Restate the records in full and exactly, with no images included.

START THE DATA

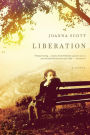 Liberation: A Novel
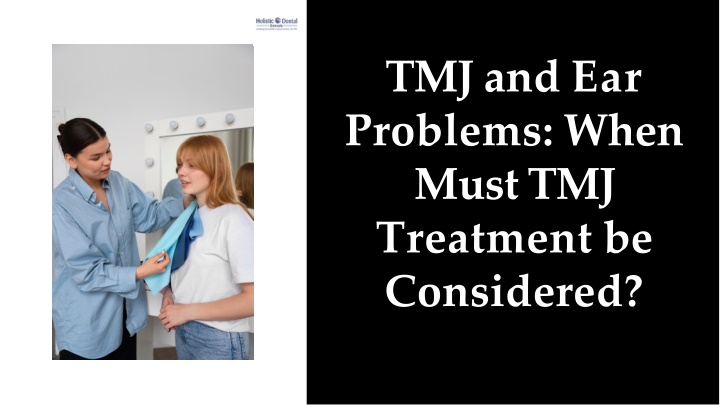 tmj and ear problems when must tmj treatment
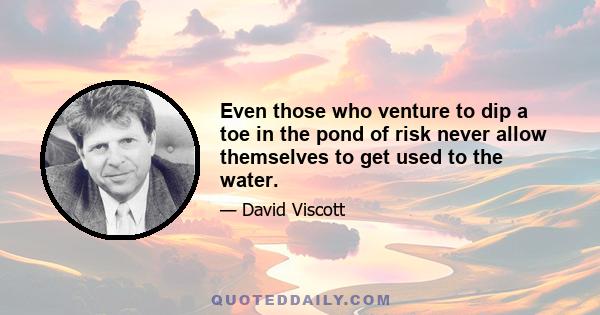 Even those who venture to dip a toe in the pond of risk never allow themselves to get used to the water.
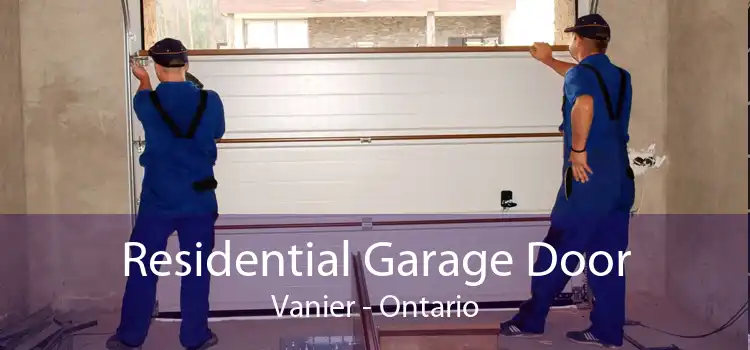 Residential Garage Door Vanier - Ontario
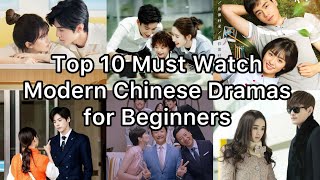 Top 10 must watch modern Chinese Dramas for Beginners cdramarecommendations cdrama cdramastudy [upl. by Heringer]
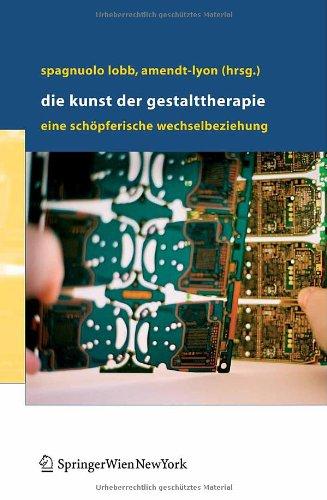 Die Kunst der Gestalttherapie: Eine schöpferische Wechselbeziehung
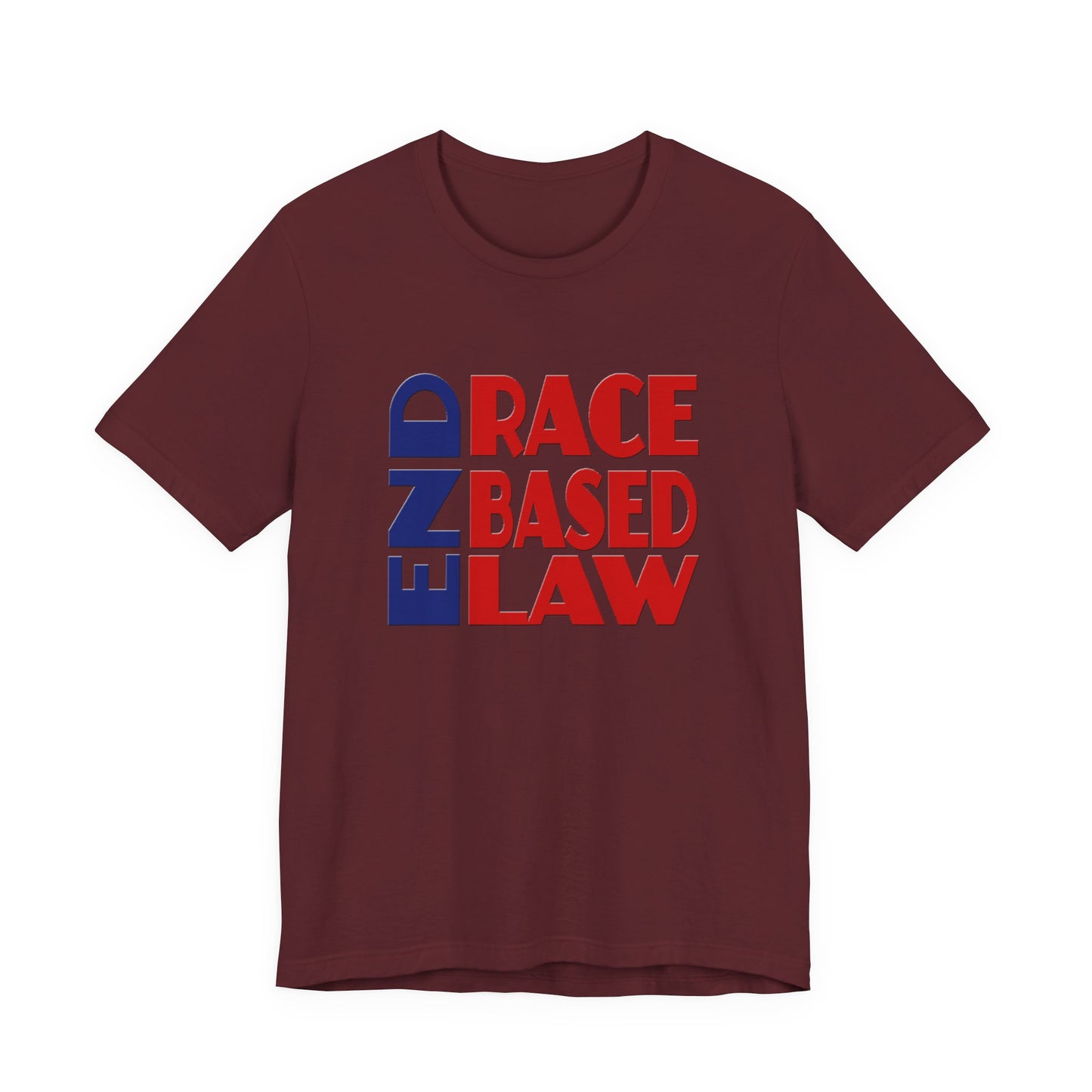 END RACE BASED LAW Blue Red T-Shirt Short Sleeve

END THE DATA

RESPONSE BOX:
 Liberation: A Novel
 tmj and ear problems when must tmj treatment
 Even those who venture to dip a toe in the pond of risk never allow themselves to get used to the water.
 Residential Garage Door Vanier - Ontario
 Top 10 must watch modern Chinese Dramas for Beginners cdramarecommendations cdrama cdramastudy [upl. by Heringer]
 Die Kunst der Gestalttherapie: Eine schöpferische Wechselbeziehung
 END RACE BASED LAW Blue Red T-Shirt Short Sleeve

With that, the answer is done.